To further the discussion I should clarify some issues from my perspective.

I didn't mean that the distinction is nonsensical and I hope none of my other points depended on such a claim; if so I'd need to fix them.

The example of knee reflex and word learning is useful in a couple of ways. First, of course I agree there are more genetically determined aspects of bodily reactions, etc. So the idea of a spectrum rather than everything together in a lump is good.

But consider word learning, especially in the context of Eliezer's points about exchanging high level thought patterns between differently structured AIs. Obviously the kinds of words humans can learn are very constrained by their cognitive, auditory and articulatory architecture. Conversely, that architecture evolved to a considerable extent just so they could hear, understand, learn, generate, and use words. So in a more various world we'd have to say "human words" since there'd be lots of kinds of words humans couldn't learn.

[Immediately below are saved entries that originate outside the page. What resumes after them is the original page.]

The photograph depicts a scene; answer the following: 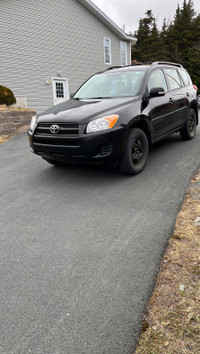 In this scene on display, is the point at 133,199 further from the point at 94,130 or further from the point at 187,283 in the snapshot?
the point at 187,283

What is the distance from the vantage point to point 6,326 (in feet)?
6.01

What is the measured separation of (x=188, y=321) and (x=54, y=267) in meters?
1.20

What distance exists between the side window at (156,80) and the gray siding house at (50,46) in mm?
7738

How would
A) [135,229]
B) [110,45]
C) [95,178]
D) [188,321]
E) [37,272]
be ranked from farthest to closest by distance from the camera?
Result: [110,45] → [95,178] → [135,229] → [37,272] → [188,321]

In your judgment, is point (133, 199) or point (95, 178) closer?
point (133, 199)

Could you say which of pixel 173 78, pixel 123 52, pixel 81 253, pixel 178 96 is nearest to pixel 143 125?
pixel 178 96

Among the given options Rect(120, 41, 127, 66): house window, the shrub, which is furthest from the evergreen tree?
the shrub

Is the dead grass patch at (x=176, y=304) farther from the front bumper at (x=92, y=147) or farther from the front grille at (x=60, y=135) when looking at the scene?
the front grille at (x=60, y=135)

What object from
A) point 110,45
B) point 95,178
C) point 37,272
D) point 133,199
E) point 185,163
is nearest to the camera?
point 37,272

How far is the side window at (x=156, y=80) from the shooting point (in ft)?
16.6

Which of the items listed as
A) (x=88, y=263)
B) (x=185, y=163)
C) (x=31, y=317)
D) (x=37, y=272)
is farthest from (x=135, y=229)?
(x=185, y=163)

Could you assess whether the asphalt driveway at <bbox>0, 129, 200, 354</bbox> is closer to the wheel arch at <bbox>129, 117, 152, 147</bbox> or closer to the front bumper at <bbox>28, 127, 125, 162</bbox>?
the front bumper at <bbox>28, 127, 125, 162</bbox>

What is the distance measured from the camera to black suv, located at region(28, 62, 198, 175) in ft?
12.9

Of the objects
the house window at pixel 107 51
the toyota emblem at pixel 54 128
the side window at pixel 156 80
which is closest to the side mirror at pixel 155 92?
the side window at pixel 156 80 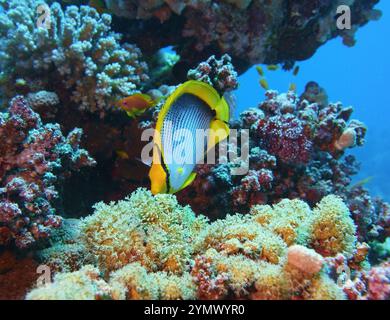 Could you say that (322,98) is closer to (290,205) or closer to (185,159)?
(290,205)

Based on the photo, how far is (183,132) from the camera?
1.81 metres

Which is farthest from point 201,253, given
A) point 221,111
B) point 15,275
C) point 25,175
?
point 25,175

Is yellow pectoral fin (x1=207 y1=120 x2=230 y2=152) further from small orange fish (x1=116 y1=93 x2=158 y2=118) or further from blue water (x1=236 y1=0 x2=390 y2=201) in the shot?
blue water (x1=236 y1=0 x2=390 y2=201)

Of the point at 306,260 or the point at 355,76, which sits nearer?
the point at 306,260

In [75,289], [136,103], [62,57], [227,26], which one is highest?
[227,26]

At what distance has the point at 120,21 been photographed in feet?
16.7

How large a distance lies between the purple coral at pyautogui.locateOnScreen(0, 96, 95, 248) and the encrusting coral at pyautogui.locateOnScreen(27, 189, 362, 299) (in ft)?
1.13

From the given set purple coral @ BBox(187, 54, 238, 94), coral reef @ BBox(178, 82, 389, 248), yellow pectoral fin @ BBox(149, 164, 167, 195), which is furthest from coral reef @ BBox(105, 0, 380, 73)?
yellow pectoral fin @ BBox(149, 164, 167, 195)

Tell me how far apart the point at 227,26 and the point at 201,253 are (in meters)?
3.48

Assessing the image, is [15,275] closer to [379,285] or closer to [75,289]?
[75,289]

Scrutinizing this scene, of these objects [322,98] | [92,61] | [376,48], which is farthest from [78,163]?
[376,48]

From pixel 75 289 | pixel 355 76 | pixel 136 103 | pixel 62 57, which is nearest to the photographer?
pixel 75 289

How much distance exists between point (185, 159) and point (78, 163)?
173cm

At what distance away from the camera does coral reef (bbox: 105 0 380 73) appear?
179 inches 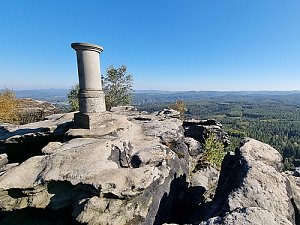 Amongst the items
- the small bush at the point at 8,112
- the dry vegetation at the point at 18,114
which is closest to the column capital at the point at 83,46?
the dry vegetation at the point at 18,114

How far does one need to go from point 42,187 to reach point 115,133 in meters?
6.27

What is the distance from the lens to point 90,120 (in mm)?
15836

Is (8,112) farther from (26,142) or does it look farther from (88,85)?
(88,85)

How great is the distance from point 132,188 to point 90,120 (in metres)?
7.44

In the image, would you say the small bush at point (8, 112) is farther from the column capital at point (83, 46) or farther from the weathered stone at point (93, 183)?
the weathered stone at point (93, 183)

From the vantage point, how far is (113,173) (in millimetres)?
10500

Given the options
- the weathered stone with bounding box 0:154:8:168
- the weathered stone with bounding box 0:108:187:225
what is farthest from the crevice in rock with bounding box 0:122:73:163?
the weathered stone with bounding box 0:108:187:225

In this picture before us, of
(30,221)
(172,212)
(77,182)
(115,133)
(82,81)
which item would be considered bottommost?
(172,212)

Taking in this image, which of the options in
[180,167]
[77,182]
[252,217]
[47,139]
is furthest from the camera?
[47,139]

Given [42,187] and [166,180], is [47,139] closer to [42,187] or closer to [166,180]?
[42,187]

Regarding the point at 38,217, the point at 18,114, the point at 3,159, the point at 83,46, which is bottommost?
the point at 38,217

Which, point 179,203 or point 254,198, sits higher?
point 254,198

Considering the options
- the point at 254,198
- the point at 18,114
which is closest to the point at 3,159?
the point at 254,198

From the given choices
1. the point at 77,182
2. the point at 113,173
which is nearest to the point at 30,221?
the point at 77,182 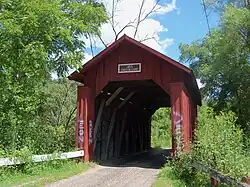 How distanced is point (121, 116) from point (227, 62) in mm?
5589

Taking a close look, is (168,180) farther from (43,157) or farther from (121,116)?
(121,116)

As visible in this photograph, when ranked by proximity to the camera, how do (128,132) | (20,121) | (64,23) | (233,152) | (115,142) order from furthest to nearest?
1. (128,132)
2. (115,142)
3. (64,23)
4. (20,121)
5. (233,152)

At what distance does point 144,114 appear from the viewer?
72.0ft

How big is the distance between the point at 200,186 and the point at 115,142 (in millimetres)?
7344

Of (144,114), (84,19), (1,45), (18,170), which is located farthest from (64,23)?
(144,114)

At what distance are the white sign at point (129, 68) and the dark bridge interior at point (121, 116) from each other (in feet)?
3.10

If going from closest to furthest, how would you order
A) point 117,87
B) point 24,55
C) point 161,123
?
point 24,55 → point 117,87 → point 161,123

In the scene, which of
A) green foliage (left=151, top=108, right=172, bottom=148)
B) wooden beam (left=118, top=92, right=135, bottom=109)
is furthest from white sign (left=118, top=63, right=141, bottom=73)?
green foliage (left=151, top=108, right=172, bottom=148)

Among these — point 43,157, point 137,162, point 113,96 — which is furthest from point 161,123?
point 43,157

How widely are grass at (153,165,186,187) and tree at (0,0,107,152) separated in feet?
13.4

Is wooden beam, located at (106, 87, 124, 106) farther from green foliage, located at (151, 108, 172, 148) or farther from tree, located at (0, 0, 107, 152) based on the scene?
green foliage, located at (151, 108, 172, 148)

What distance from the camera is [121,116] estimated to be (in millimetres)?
16828

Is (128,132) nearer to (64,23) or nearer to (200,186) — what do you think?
(64,23)

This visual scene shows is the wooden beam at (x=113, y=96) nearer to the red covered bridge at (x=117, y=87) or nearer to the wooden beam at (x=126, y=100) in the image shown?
the red covered bridge at (x=117, y=87) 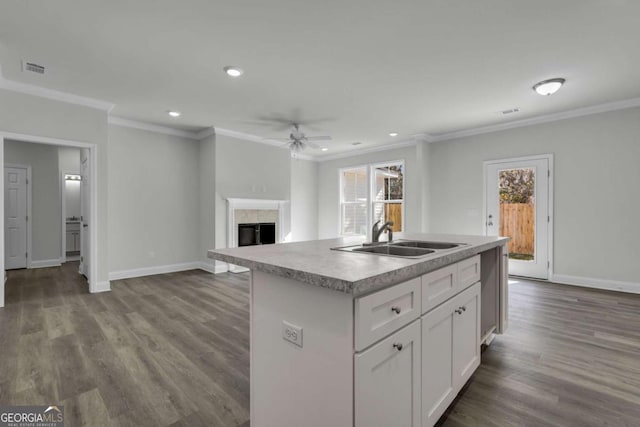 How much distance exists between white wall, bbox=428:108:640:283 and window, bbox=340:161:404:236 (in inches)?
79.6

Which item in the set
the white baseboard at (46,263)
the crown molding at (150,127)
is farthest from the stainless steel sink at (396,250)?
the white baseboard at (46,263)

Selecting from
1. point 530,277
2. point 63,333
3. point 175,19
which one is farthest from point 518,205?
point 63,333

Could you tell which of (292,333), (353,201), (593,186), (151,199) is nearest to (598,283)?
(593,186)

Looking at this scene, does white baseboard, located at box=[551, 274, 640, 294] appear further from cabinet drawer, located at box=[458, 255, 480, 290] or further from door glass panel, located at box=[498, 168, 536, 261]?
cabinet drawer, located at box=[458, 255, 480, 290]

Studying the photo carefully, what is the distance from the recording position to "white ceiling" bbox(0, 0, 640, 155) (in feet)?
7.51

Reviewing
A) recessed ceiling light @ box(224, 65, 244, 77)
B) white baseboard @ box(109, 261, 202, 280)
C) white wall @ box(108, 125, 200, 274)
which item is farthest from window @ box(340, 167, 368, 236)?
recessed ceiling light @ box(224, 65, 244, 77)

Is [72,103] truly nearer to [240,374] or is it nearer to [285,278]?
[240,374]

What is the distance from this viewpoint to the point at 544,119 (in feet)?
15.9

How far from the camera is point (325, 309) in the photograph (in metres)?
1.14

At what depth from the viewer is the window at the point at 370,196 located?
6.87 meters

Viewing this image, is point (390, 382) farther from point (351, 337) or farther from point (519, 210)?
point (519, 210)

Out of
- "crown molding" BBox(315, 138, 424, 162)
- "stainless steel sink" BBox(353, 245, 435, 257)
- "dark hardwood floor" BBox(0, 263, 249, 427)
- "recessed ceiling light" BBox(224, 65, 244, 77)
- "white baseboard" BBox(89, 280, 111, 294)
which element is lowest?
"dark hardwood floor" BBox(0, 263, 249, 427)

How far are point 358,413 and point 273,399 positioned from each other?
486 millimetres

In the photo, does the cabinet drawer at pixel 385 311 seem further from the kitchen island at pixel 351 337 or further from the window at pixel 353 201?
the window at pixel 353 201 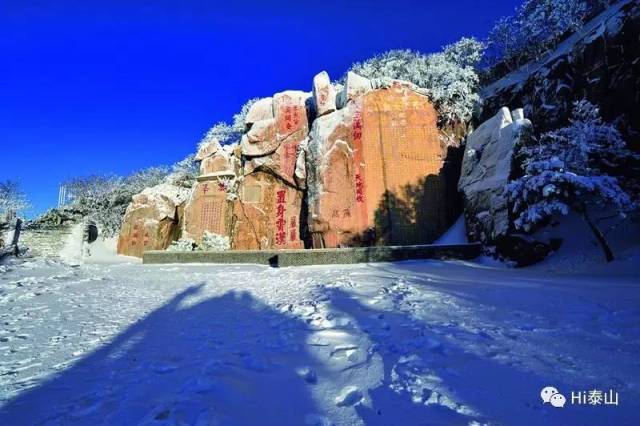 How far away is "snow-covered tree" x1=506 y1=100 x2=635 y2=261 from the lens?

(There's a lot more here I'd like to say about the larger social context influencing the words we can understand, but now is not the time.)

So what I was trying to do with that (rather awkward and too often repeated) expression was to acknowledge that content and structure co-determine each other. In that light, "no viable distinction" is the wrong way to put it. Maybe I should have said:

Incidentally, there's probably no way to specify cognitive structure and content independently, since they co-determine each other.

Thanks very much to Phil for motivating improvement here.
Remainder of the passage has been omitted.